I have air-filled tyres, what checks do I need to carry out?

First of all, look to see if the tyres are properly inflated. You can check this by looking at the tyre to see if the bottom appears flatter than normal and also by pressing the tyre with your thumb to see if it feels under or over-inflated.  

Can I, or my carer, pump my product’s tyres up myself? 

Yes, you can pump your powered wheelchair’s tyres yourself if you are physically able to do so. Make sure that you always inflate to the recommended pressure as outlined in the user manual. But don’t forget that your dealer is there to assist you through your lease, so will be more than happy to help if you’re unable to pump your own tyres. 

How do I keep my battery from going flat?

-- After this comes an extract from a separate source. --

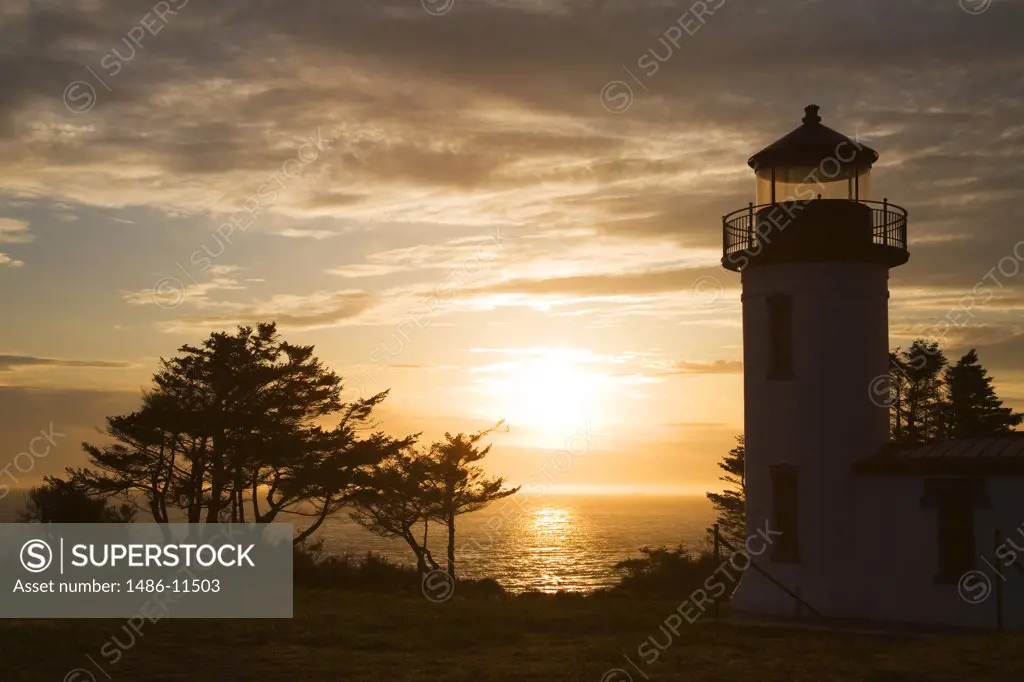 Silhouette of a lighthouse at dusk, Admiralty Head Lighthouse, Fort Casey State Park, Whidbey Island, Island County, Washington State, USA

Follow the recommended charging procedure as outlined in the manual. We recommend a good, long overnight regular charge. Try not to get into the habit of short charges and don’t wait until the battery is flat before you charge, if you do not use the equipment for a long period of time then put your powered wheelchair on charge periodically so that the batteries do not go flat.

What’s the best way to look after my battery?

Modern-day batteries are maintenance-free but do require regular charging, follow the above advice and you should get good service from a set of batteries.

The good thing about battery-related problems is that it usually happens progressively, i.e. the powered wheelchair doesn’t just stop working, you get an advanced warning, this should give you enough time to contact your dealership before things deteriorate beyond repair. 

What’s your top tip for wheelchair maintenance?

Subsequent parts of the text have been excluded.